Source data:
· · · · ·

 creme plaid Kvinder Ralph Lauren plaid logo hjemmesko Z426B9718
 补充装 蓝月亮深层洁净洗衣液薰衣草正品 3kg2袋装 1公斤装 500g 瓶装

· · · · ·

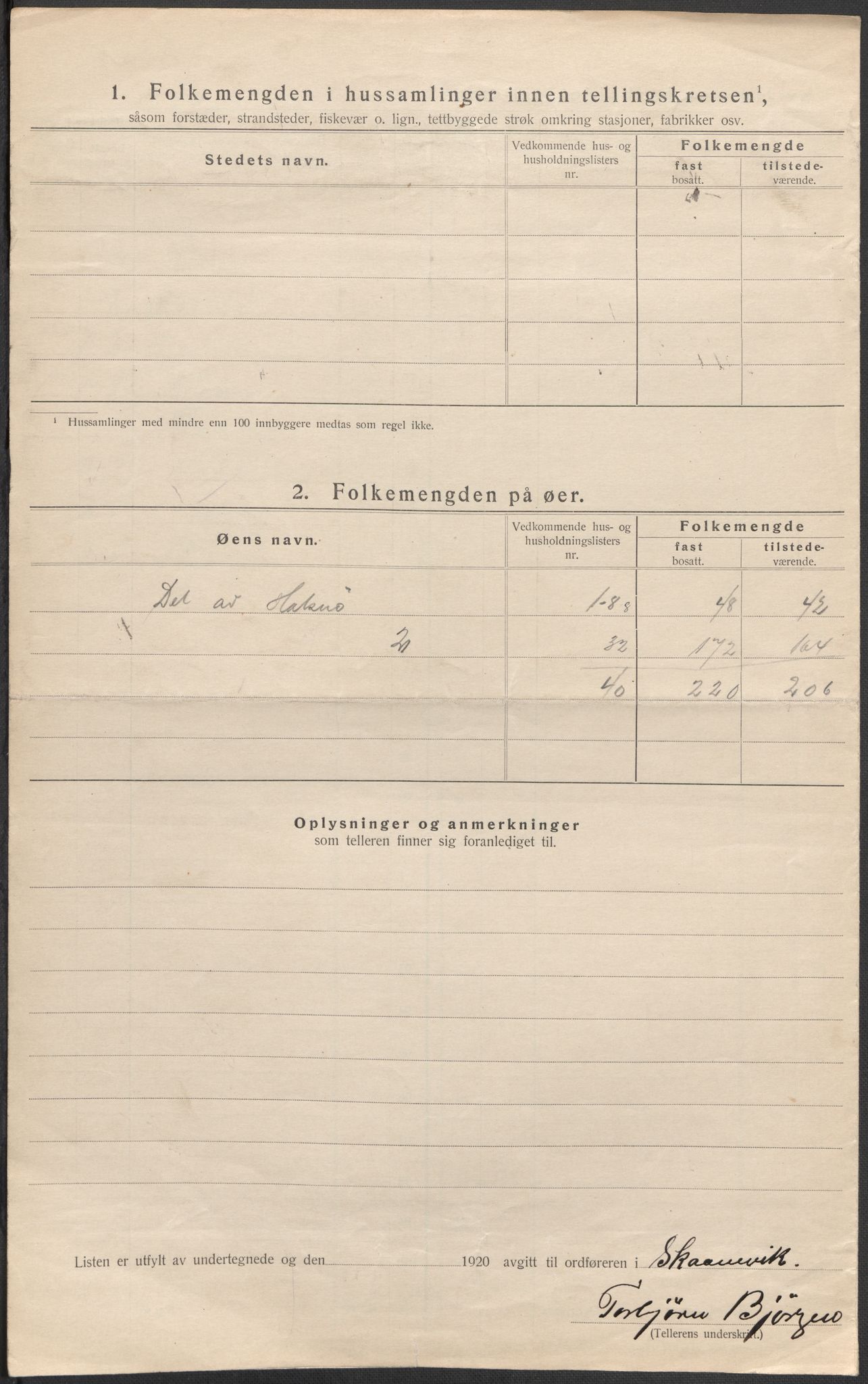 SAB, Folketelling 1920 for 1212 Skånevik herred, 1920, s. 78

· · · · ·

Exercise requirements: Of all the entries above, retype exactly the lines from the line with "creme plaid Kvinder" to the line with "补充装 蓝月亮深层洁净洗衣液薰衣草正品 3kg2袋装 1公斤装 500g 瓶装", both included, and no others.

Response:
 creme plaid Kvinder Ralph Lauren plaid logo hjemmesko Z426B9718
 补充装 蓝月亮深层洁净洗衣液薰衣草正品 3kg2袋装 1公斤装 500g 瓶装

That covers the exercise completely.